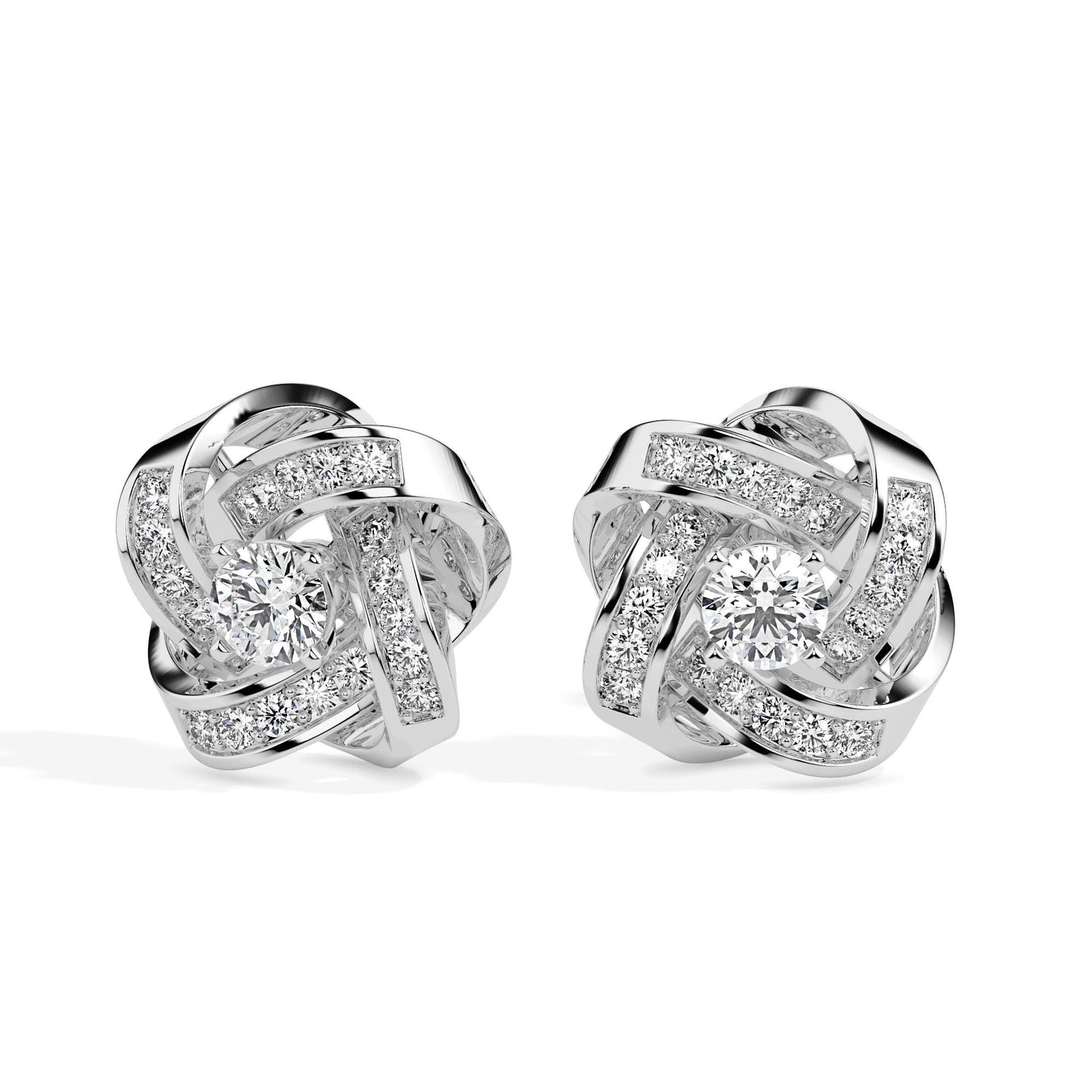 Radiant Love Knot Diamond Stud Earrings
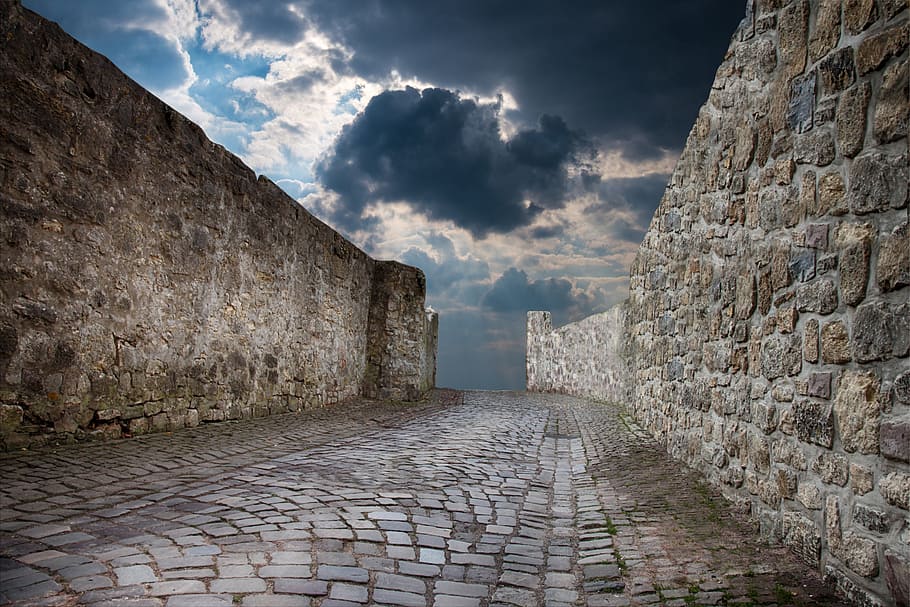 cloudy sky during daytime, wall, fixing, city wall, protection HD wallpaper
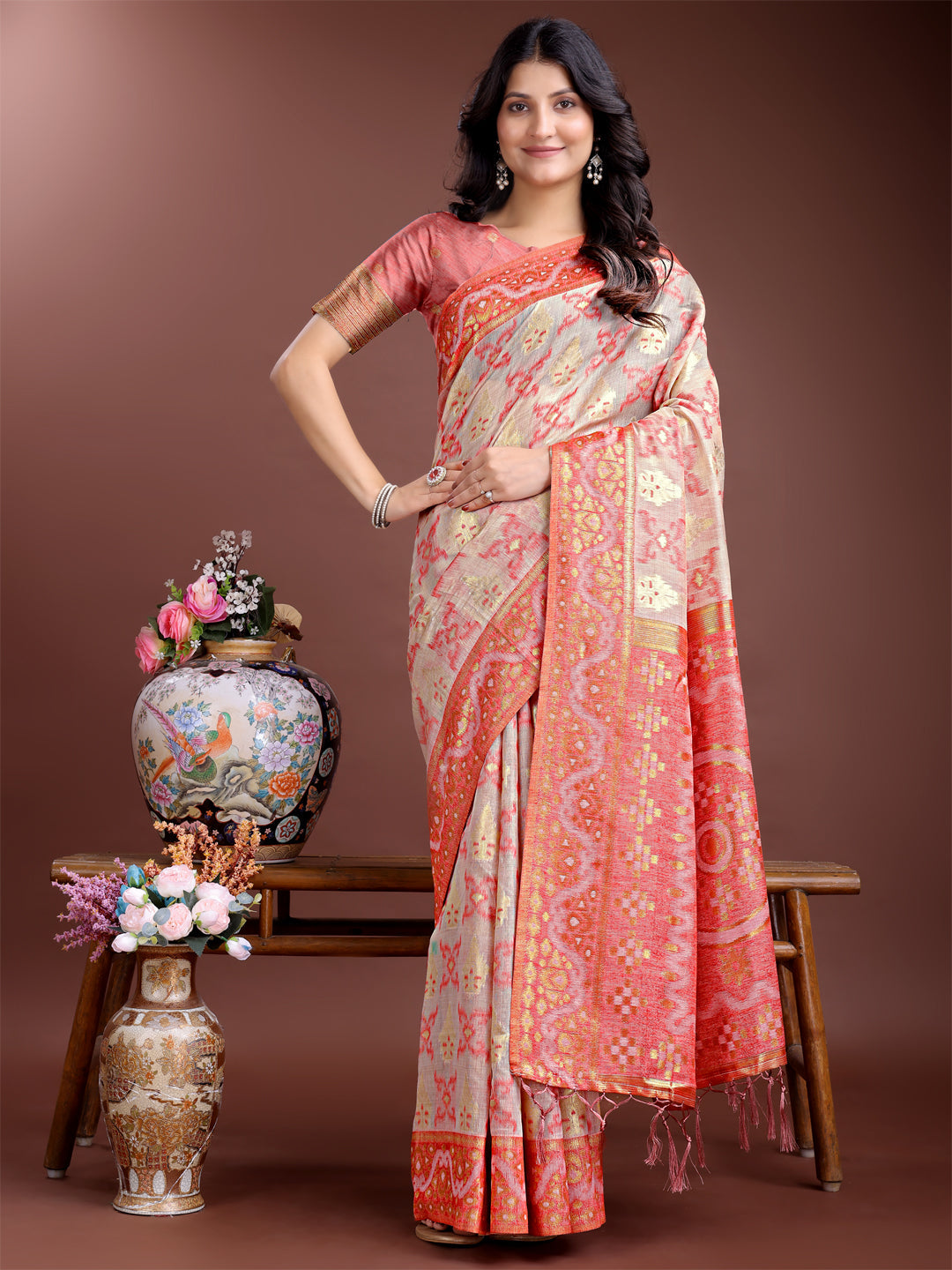 Shree Shyam Fashion Graceful Beige & Coral Linen Cotton Saree - Lightweight Elegance for Modern Women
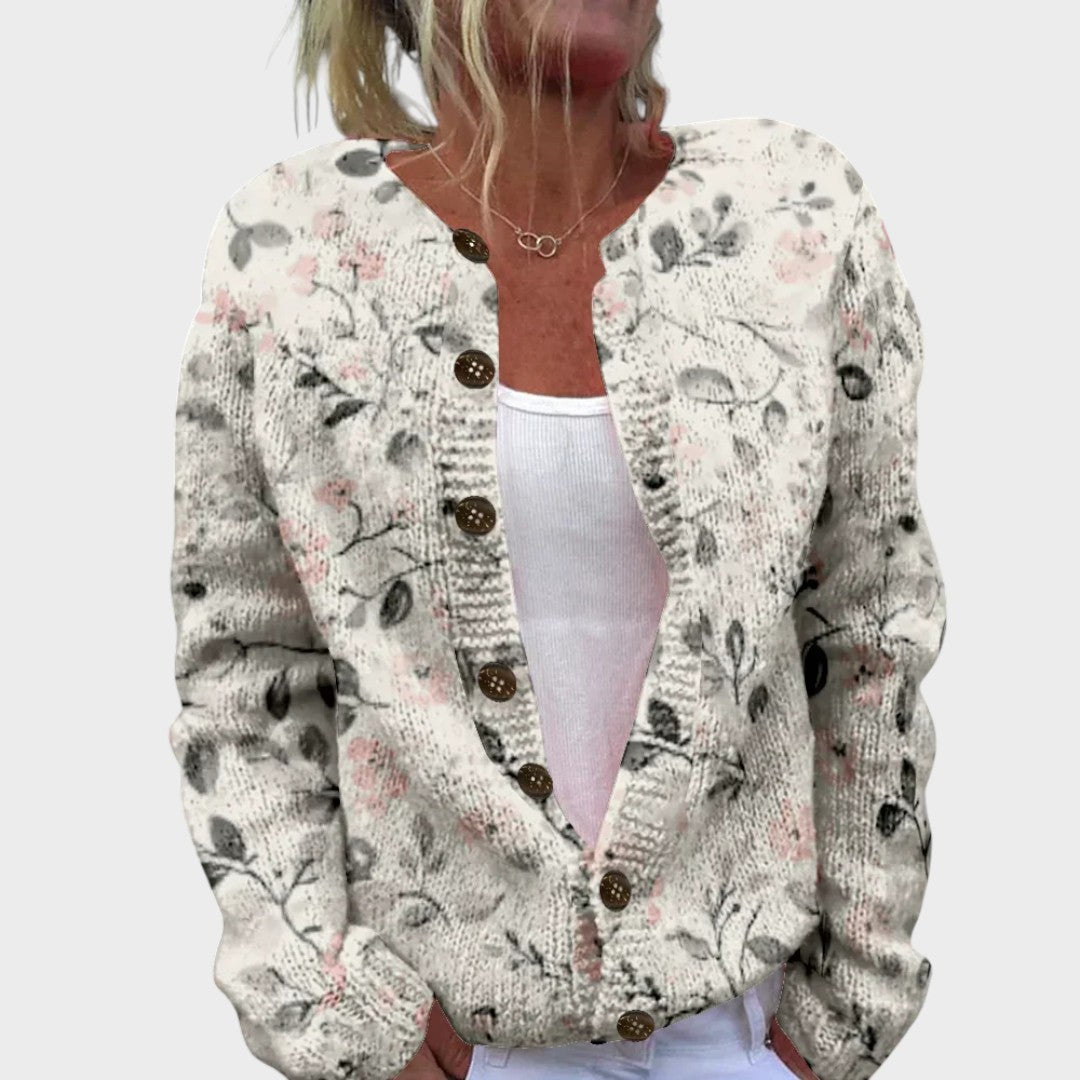 Cardigan Floral de Outono feminino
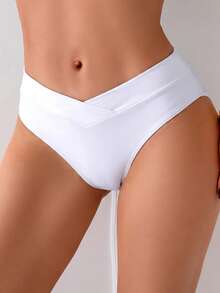 SHEIN Swim 纯色交叉腰带三角形白色比基尼泳裤 - 白色 - 查看 3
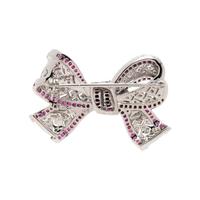 DIAMOND AND RUBY BOW BROOCH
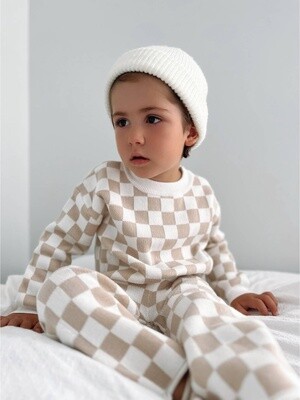 Checkered Jacquard Pullover, Size: 2-3 yrs, Color: Beige/Cream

======

> _ACTION ITEM_: Lines from the one holding "DIAMOND AND RUBY BOW BROOCH" down to the last line of the entries above must be retyped exactly, inclusive of both, with no pictures and nothing else.

> _SOLUTION_:
 DIAMOND AND RUBY BOW BROOCH
 Checkered Jacquard Pullover, Size: 2-3 yrs, Color: Beige/Cream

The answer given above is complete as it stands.